Il reporta son regard sur le groupe étendu à ses pieds et resta un instant en contemplation, comme hypnotisé par le tableau pathétique composé par cette main implorante tendue vers le poignard. Ce fut une extase de très courte durée, mais pendant laquelle il fut la proie d’une succession tumultueuse de sensations intenses, sans rapport avec le temps réel, comme dans ces rêves qui s’éteignent au bout d’une fraction de seconde, mais qui suscitent assez de pensées et de sentiments confus pour meubler d’interminables heures.

Il avait l’impression d’être parvenu, après un long et laborieux cheminement, au débouché d’un col d’où il pouvait contempler et presque toucher du doigt le sommet éblouissant du triomphe, mais la dernière pente à gravir pour sa conquête exigeait de sa part un effort beaucoup plus important que le sentier facile où il s’était laissé guider jusqu’alors. Le dénouement du drame n’était pas celui du plan initial. Il fallait le réécrire, le recréer, et cela dans l’instant même, car sur l’arête mince où il vacillait, il suffisait d’un souffle, d’un simple temps d’hésitation pour qu’il fût précipité dans un abîme ouvert sous ses pieds : le gouffre sinistre de l’échec. Et l’ultime ascension, la victoire remise en jeu ne dépendaient plus ici de pantins dont il tirait de loin les ficelles. Il ne s’agissait pas de subtilités ni d’influences occultes. L’avenir de l’œuvre d’art exigeait un acte personnel. Le destin ne fournissait qu’un instrument inerte, qu’il fallait animer. Il était là, à ses pieds, à quelques centimètres à peine de sa jambe, cette maudite jambe.

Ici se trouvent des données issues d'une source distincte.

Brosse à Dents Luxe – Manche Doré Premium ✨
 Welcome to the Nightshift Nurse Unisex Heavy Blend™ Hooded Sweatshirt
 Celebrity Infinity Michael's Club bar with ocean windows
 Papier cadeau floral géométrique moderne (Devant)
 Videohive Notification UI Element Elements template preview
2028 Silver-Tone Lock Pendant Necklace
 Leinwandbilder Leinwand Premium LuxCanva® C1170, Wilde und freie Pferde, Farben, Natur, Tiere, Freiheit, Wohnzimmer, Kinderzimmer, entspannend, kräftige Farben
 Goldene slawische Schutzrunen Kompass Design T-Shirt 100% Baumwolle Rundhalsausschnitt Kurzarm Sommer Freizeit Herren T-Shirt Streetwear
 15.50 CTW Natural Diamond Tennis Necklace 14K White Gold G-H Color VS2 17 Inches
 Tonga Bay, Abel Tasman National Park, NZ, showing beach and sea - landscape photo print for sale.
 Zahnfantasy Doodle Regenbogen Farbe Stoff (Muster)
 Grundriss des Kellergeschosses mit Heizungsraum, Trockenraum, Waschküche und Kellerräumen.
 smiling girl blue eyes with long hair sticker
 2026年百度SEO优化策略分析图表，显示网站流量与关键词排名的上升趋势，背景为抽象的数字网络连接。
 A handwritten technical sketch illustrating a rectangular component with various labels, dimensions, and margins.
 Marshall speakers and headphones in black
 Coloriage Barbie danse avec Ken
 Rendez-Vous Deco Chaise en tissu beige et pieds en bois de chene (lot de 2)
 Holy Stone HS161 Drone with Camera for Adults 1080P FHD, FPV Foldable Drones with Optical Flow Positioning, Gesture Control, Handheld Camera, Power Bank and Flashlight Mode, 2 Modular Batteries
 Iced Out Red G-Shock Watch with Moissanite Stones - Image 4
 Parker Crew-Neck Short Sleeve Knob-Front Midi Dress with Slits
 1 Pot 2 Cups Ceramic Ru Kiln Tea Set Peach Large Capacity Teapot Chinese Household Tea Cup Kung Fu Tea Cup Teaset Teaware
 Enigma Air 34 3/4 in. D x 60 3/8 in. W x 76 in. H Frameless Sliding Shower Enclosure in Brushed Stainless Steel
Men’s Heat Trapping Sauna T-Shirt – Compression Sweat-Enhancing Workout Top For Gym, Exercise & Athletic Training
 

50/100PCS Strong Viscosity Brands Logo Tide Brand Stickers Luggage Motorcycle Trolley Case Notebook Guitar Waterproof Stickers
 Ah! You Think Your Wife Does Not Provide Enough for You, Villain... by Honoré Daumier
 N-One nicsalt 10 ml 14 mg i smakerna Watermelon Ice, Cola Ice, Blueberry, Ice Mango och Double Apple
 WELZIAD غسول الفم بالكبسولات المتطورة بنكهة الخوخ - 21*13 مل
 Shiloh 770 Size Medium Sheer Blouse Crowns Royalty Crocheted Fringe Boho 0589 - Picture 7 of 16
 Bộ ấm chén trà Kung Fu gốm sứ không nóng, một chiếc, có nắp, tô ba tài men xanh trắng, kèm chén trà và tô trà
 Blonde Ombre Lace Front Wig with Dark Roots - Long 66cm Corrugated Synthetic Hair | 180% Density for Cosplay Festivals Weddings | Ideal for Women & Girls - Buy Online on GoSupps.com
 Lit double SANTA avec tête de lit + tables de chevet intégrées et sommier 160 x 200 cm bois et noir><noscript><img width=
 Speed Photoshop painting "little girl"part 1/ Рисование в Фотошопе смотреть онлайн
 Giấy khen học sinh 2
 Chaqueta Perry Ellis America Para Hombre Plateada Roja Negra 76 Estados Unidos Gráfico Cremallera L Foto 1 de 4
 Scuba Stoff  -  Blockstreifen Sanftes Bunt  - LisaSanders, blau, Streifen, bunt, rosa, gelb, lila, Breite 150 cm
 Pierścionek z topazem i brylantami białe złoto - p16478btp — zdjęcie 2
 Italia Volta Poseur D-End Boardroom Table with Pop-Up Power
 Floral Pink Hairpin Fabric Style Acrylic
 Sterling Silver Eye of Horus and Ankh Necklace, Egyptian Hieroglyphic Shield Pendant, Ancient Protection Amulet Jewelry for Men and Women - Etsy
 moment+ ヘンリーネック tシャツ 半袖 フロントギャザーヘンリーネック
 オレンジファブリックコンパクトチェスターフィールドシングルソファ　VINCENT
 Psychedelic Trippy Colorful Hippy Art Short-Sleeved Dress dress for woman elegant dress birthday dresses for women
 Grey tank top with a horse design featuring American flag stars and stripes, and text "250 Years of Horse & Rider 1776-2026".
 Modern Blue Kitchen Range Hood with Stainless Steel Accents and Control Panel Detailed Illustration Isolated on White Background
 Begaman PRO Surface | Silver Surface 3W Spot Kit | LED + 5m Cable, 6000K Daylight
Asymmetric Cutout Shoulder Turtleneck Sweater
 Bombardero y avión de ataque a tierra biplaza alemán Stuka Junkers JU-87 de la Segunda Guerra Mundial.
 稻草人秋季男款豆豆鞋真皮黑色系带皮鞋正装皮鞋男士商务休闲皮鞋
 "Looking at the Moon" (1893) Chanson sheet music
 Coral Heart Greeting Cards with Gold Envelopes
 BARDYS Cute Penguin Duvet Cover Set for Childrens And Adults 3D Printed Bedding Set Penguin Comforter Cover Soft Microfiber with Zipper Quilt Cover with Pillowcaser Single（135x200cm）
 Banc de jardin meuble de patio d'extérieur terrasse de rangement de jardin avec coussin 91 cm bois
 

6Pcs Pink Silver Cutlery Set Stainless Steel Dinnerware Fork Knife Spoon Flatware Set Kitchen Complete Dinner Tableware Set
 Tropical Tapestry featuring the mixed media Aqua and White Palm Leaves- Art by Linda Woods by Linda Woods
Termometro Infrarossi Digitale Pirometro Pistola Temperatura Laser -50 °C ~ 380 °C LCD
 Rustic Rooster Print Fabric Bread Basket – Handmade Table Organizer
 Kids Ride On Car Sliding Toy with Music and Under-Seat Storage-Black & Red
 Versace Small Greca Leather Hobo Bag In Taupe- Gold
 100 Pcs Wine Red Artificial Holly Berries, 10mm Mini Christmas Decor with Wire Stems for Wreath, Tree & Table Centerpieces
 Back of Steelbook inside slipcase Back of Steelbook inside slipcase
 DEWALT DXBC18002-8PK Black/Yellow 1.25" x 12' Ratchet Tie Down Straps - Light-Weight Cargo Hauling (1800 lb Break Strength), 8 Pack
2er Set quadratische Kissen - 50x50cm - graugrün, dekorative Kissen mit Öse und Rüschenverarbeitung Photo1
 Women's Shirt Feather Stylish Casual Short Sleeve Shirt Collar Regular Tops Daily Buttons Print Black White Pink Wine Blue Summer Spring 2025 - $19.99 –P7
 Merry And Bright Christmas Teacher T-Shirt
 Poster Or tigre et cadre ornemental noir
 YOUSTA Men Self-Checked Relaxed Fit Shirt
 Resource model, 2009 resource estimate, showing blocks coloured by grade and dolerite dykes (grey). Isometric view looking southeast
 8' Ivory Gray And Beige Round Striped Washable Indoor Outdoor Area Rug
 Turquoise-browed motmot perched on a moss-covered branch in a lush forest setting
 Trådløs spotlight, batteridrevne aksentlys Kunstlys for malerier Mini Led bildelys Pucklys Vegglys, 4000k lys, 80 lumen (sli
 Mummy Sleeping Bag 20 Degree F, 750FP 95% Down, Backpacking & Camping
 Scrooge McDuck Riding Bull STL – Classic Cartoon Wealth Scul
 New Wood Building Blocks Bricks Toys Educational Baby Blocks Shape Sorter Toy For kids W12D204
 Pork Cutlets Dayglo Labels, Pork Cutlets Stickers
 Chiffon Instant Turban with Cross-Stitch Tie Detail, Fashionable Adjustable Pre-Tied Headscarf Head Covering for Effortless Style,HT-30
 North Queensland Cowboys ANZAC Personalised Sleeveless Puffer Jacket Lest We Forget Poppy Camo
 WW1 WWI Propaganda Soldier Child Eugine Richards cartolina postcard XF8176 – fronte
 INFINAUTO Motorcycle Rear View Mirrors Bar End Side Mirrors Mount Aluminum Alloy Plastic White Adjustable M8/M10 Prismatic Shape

Ce fut sur le poignard que se fixa son regard pendant le temps infinitésimal de son hypnose – une durée suffisante pour concevoir la naissance et la mort d’un univers.

L’acier sur le sable reflétait toute l’ardeur du soleil de Provence, la renvoyant en une cascade ondoyante de fantastiques images biscornues, dont l’absurdité trouvait une résonance dans le cerveau embrasé de Martial Gaur, suscitant une succession d’analogies baroques. Le tranchant de l’arme devenait pour lui l’arête effilée sur laquelle il avait l’impression de se tenir en équilibre fragile entre un sommet glorieux et un gouffre d’abjection, ou encore le couteau de la balance hypersensible qui, en cet instant même, déterminait les chances de l’apothéose finale.